Late spring is a time of last-days-of-classes and graduation ceremonies.  For college professors like me, it brings a mixture of emotions–relief, pride in students’ accomplishments, as well as a sense of bittersweet finality.  As we sense the window closing, genuine emotion as well as a bit of vanity lead us to try to say one last important thing to our students.

I don’t have a set end-of-year routine.  Sometimes, I’ll try to go the dramatic route and read a powerful poem (whose meaning I may or may not entirely grasp).  Other times, I’ll facilitate student reflection about the semester that’s passed.  Or I’ll do the proven student-friendly thing and bring food to class.

Some teachers at this time of year are inclined to share a song with their students.  There’s risk as well as reward in this.  It always seems like a good idea when looking over your CD collection or iTunes playlist from the comfort of your family room.  (“They’ve got good taste.  They’ll love this song.”)  In the classroom, though, the practice can backfire.  Sharing music–especially popular music–is tricky.  There’s no accounting for the musical tastes of twenty or thirty different people.  And then there’s the passage of time issue, which middle-aged professors are notorious for forgetting about.  (“Certainly you kids have heard of Bruce Springsteen?  Dire Straits?  R.E.M.?  None of them?  What’s wrong with you?!”)
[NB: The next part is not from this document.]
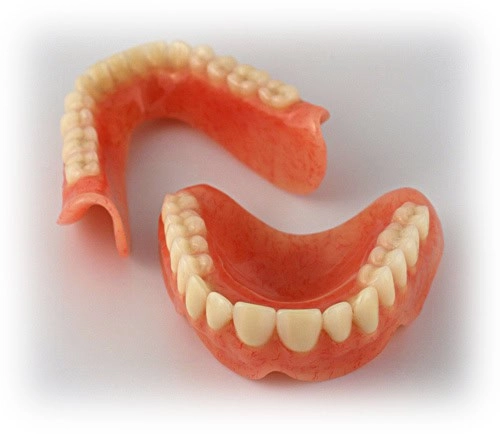 Full denture replacing an entire arch of teeth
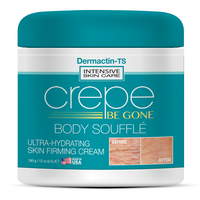 Crepe Be Gone Classic Body Souffle - New Larger 12 ounce - Moisturizers Comfort Skin Repair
Despite these pitfalls, in recent years I’ve often ended my last class meeting of the year by sharing a song with my students–Bob Dylan’s “Forever Young.”  I don’t choose it because it’s current or “relevant” as we tend to use this word.  It’s an old song, ancient even from the perspective of students.  Dylan recorded it for his 1974 album Planet Waves.  At the time, Dylan was (as always) out of step with many of his musician friends and colleagues.  In the mid-1960s, he turned away from politics and the limelight generally.  After a traumatic motorcycle accident, he settled down, started reading the Bible voraciously, and focused attention on his growing family.  This is one of the reasons many fans and students of Dylan view “Forever Young” as a song from father to child.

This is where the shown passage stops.